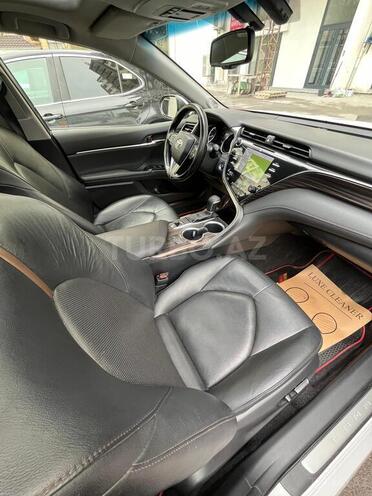 Toyota Camry 2018, 60,000 km - 2.5 l - Bakı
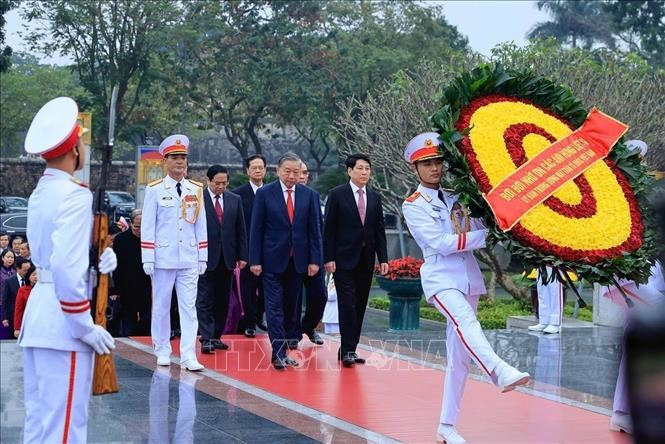 Đoàn Lãnh đạo Đảng, Nhà nước đặt vòng hoa tại Đài tưởng niệm các Anh hùng liệt sĩ. Ảnh: TTXVN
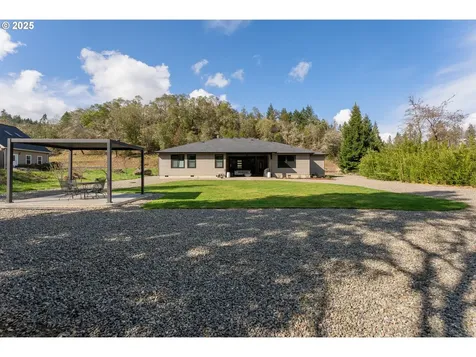 360 Champagne Creek Drive Roseburg OR 97471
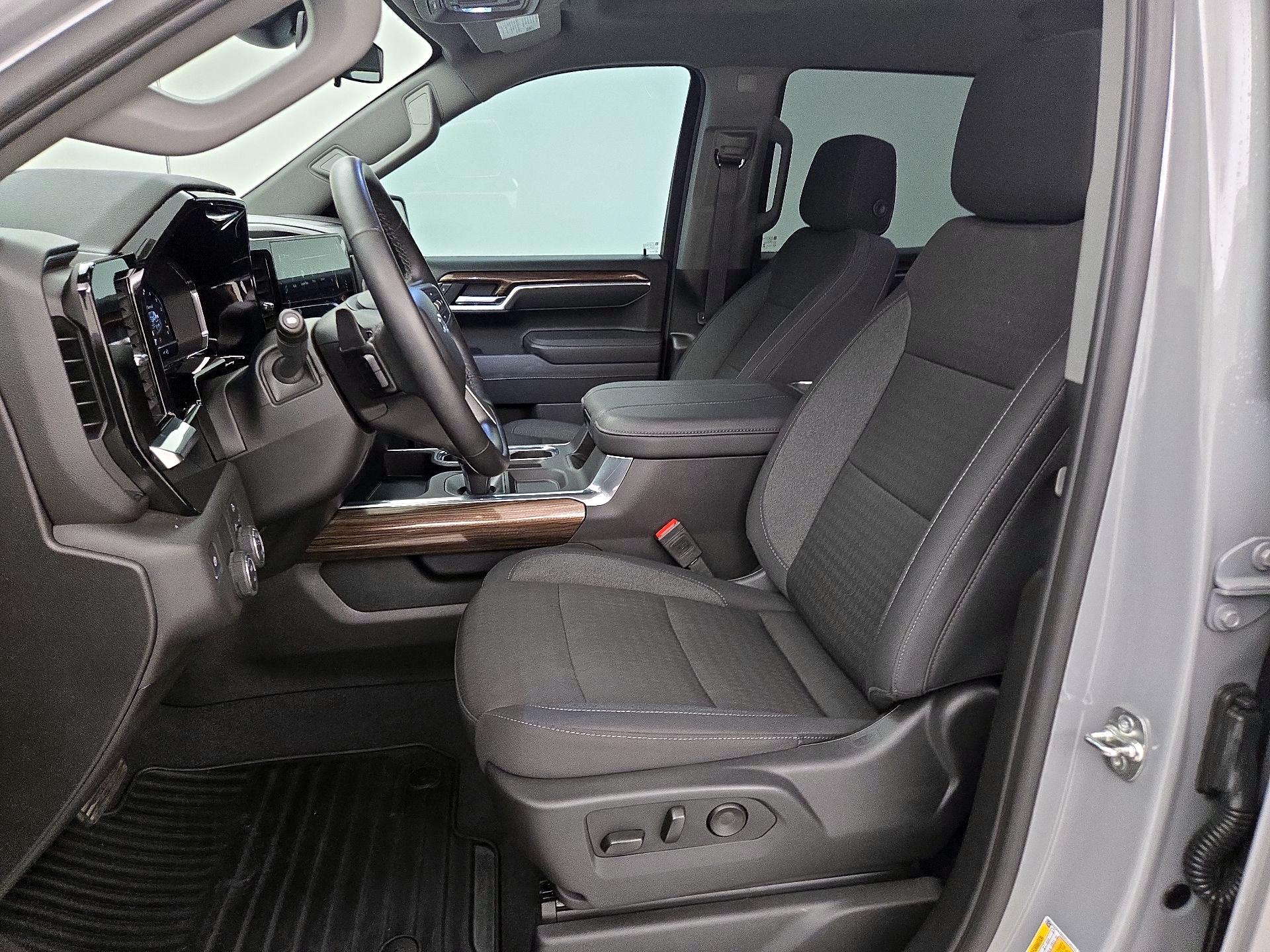 Thumbnail: 2025 Chevrolet Silverado 1500 - 11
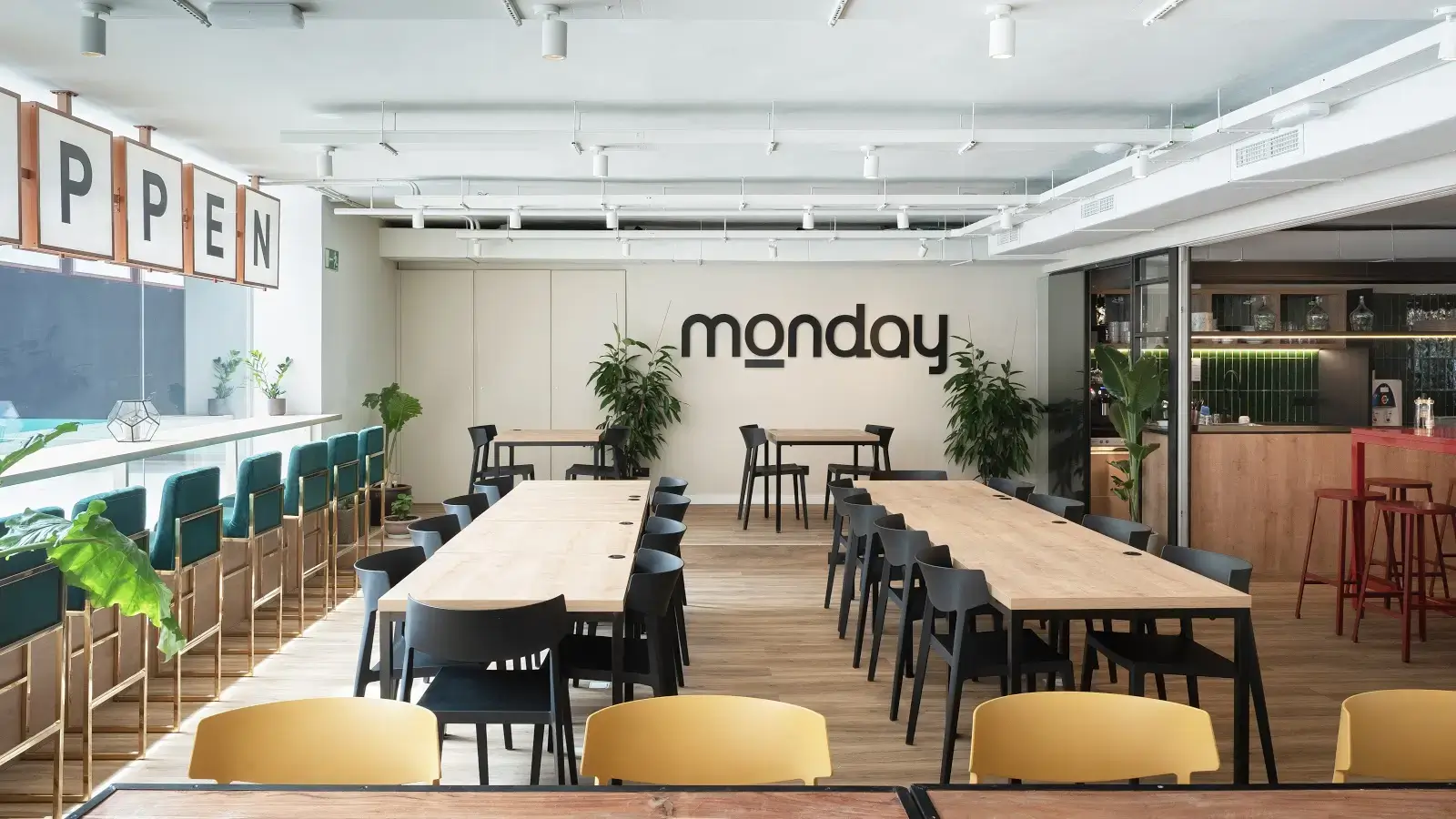 Monday Diagonal interior photo 2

....

__What the task requires__. The full listing, reproduced exactly and without pictures, is the expected output.

__Answer for the task__.
 Toyota Camry 2018, 60,000 km - 2.5 l - Bakı
 Đoàn Lãnh đạo Đảng, Nhà nước đặt vòng hoa tại Đài tưởng niệm các Anh hùng liệt sĩ. Ảnh: TTXVN
 360 Champagne Creek Drive Roseburg OR 97471
 Thumbnail: 2025 Chevrolet Silverado 1500 - 11
 Monday Diagonal interior photo 2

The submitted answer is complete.